La distillerie Mortlach a été fondée en 1823, sur le site d’une ancienne distillerie clandestine. Elle est la première officiellement déclarée à Dufftown, à la suite de l’Excise Act, qui va poser les conditions légales du développement du whisky écossais. George Cowie en prend la direction, trente ans plus tard, et cet ingénieur des chemins de fer commence à y instiller l’esprit bâtisseur et audacieux que son fils va étendre définitivement.
Alexander Cowie revient à Dufftown en 1896, contraint par la mort de son frère. Il a voyagé dans le monde entier, s’est installé cinq ans à Hong Kong. Le médecin va se muer en maître–distillateur, non pas s’improviser dans un nouveau métier, mais imposer, par sa culture scientifique et ses influences asiatiques, une nouvelle façon de créer un whisky.
3 questions à Nicolas Julhès - Ambassadeur de la marque Mortlach
Que représente Mortlach dans le portefeuille prolifique de whiskies du groupe Diageo ?
Dans l’histoire du whisky, il y a eu quelques grandes sagas, avec des personnalités qui ont changé la donne de toute l’industrie. Alors que le dogme y était plutôt de répéter les choses, sans laisser beaucoup de place à la création, certains se sont distingués, comme la pionnière Helen Cumming, chez Cardhu, ou les Walker dans une autre dimension.Chez Mortlach, Alexander Cowie a bousculé son époque, avec une vision et du courage. L’homme n’a pas toujours été bien compris, mais il a créé un whisky avec une technique incroyable, qui donne à la distillerie un style intrinsèque unique.
Comment poursuivre et garantir ce style des décennies, voire des siècles plus tard ?
Diageo a un grand sens de l’archive, des archives écrites et des archives en bouteilles ! C’est un pilier fort de la maison. Il faut continuer de s’appuyer sur des gens qui ont compté dans l’industrie, ne pas perdre l’essence des distilleries qui ont été rachetées par le groupe au fil du temps. L’univers des spiritueux est plutôt stable, alors que
ceux des vins et du champagne évoluent davantage. On peut goûter des cognacs de 100 ans d’âge qui gardent de la modernité. Dans le whisky, être fidèle à un style n’empêche pas cette modernité.
En quoi l’édition limitée 20 ans Cowie’s Blue Seal s’inscrit-elle dans cette histoire ?

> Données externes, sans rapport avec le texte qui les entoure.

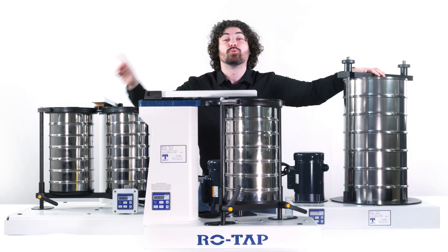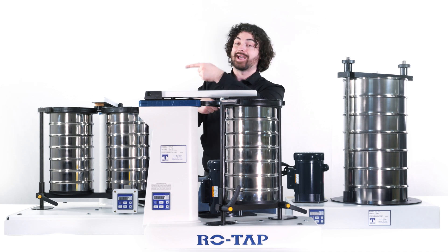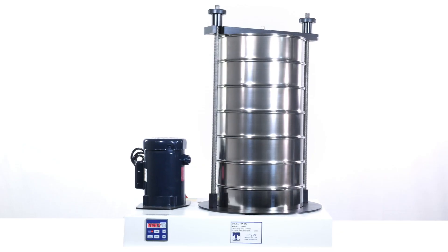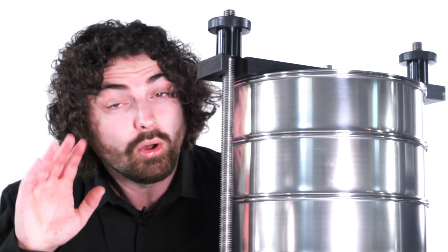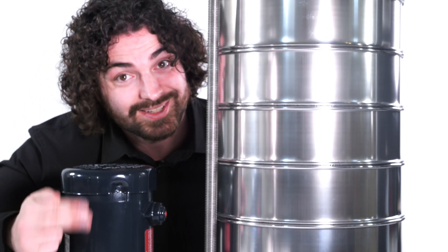This is W.S. Tyler's mechanical Ro-Tap series, and it does exactly what it says — it rotates and it taps. These oscillating and tapping motions are so precise and so consistent that they can be used in the most heavily regulated industries imaginable. They're all designed to get the particles placed in the top sieve and separate them through their specific sieves to their individual sizes.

C’est un single malt de prestige un peu testimonial. L’idée part de la découverte, par la fille d’Alexander Cowie, d’une caisse de 12 bouteilles, une réserve privée vieille aujourd’hui de plus d’un siècle. L’exerciceétait intéressant : pour rester fidèle à cette bouteille, un échantillon suffisait. À partir de cet échantillon, il s’agissait de reformuler le whisky en allant chercher dans le chai les éléments de son style : pour obtenir le cireux, on sait qu’on va le trouver dans telle gamme d’âges ; pour obtenir de la vivacité, on va vers des fûts un peu moins actifs. C’est un travail de chai et de recomposition, afin qu’il possède à la fois patine et vivacité.
À lire aussi
Le sorcier de l’alambic
« Alexander Cowie était un esprit original, un peu savant fou, pas toujours compris, aujourd’hui encore. Déjà, il aimait élaborer de vieux whiskies alors qu’à son époque on n’estimait pas nécessaire d’aller au-delà de 8 ou 10 ans d’âge. Et je suis persuadé que l’Asie a eu une influence sur sa méthode de distillation », assure Nicolas Julhès, consultant pour le groupe Diageo, propriétaire de la distillerie.

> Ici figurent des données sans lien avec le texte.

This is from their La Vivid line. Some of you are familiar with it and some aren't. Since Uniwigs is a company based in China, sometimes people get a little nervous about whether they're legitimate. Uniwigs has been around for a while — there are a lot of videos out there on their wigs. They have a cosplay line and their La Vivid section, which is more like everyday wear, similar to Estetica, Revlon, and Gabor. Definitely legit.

Lui-même producteur dans sa Distillerie de Paris et créateur de liqueurs avec le vigneron de Meursault Jean-Marc Roulot, il ose une analogie avec conviction : « S’il avait existé une classification de 1855 des whiskies (en référence à celui des grands bordeaux du Médoc, de Graves et de Sauternes), Mortlach aurait été un premier cru classé. »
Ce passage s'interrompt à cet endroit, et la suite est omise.